[Stored data Boundary: Start]

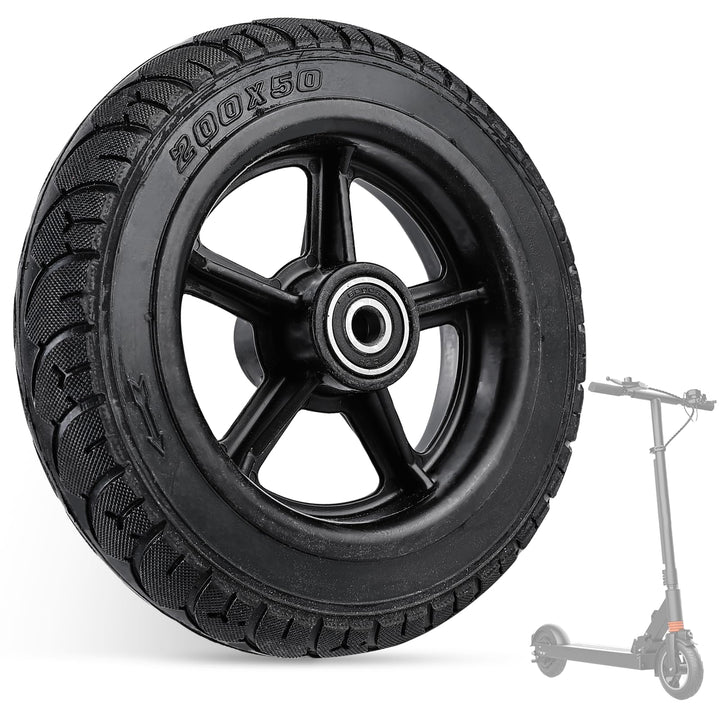 LEKEFETO Elektroroller Vollgummireifen für Elektro Roller Vorderrad, 8 Zoll Vollreifen, 200x50 mm An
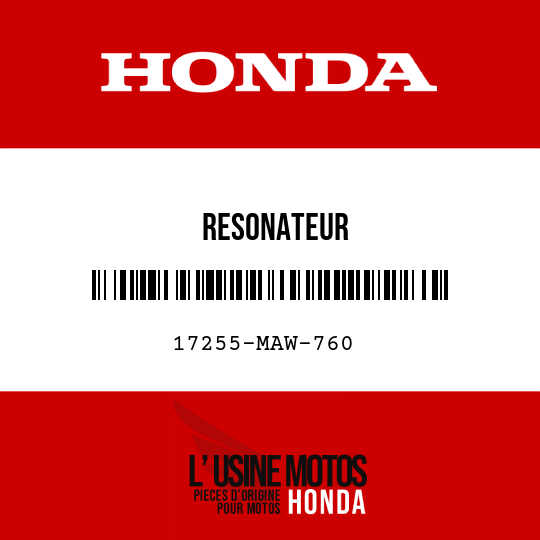 image de 17255-MAW-760 RESONATEUR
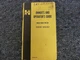 Hyster Models W6E W8K W12D Towing Winches Owner Operator Maintenance Manual Book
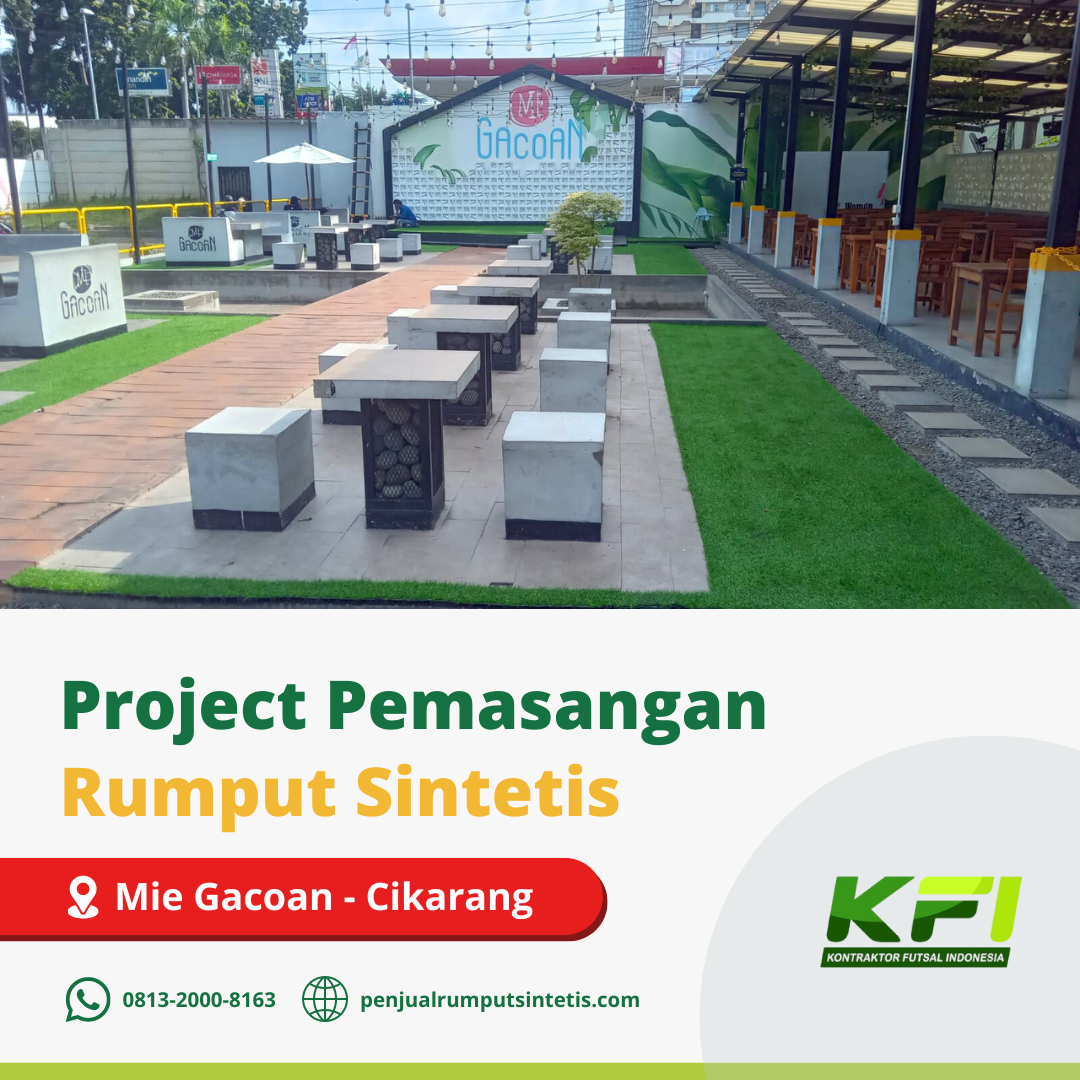 Penggunaan Rumput Sintetis dalam Desain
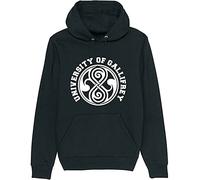 LOVE IS PERFECT ASDD University of Gallifrey Timelord Dr Inspired By Who Long Sleeve Hoody Sweatershirt Pullover for Men Unisex Hoodie Black M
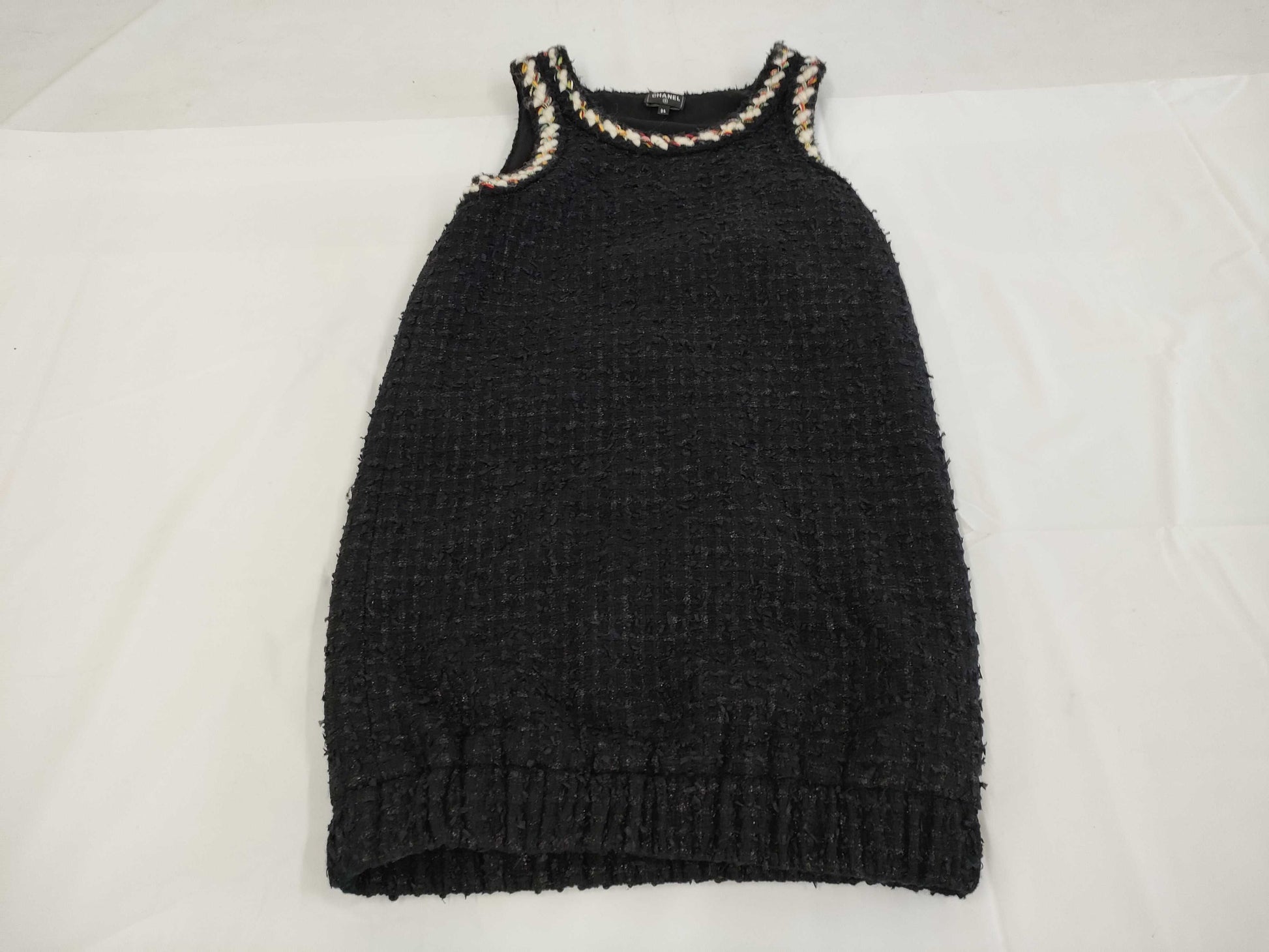 CHANEL / Cotton / Sleeveless / Dress / Size 34 / Hanger Included Dress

[Stored data Boundary: End]

== Problem to work on ==
Whenever images occur above, omit them and retype each line exactly as it stands.

== Solution for this exercise ==
 LEKEFETO Elektroroller Vollgummireifen für Elektro Roller Vorderrad, 8 Zoll Vollreifen, 200x50 mm An
 image de 17255-MAW-760 RESONATEUR
 Hyster Models W6E W8K W12D Towing Winches Owner Operator Maintenance Manual Book
 Penggunaan Rumput Sintetis dalam Desain
 LOVE IS PERFECT ASDD University of Gallifrey Timelord Dr Inspired By Who Long Sleeve Hoody Sweatershirt Pullover for Men Unisex Hoodie Black M
 CHANEL / Cotton / Sleeveless / Dress / Size 34 / Hanger Included Dress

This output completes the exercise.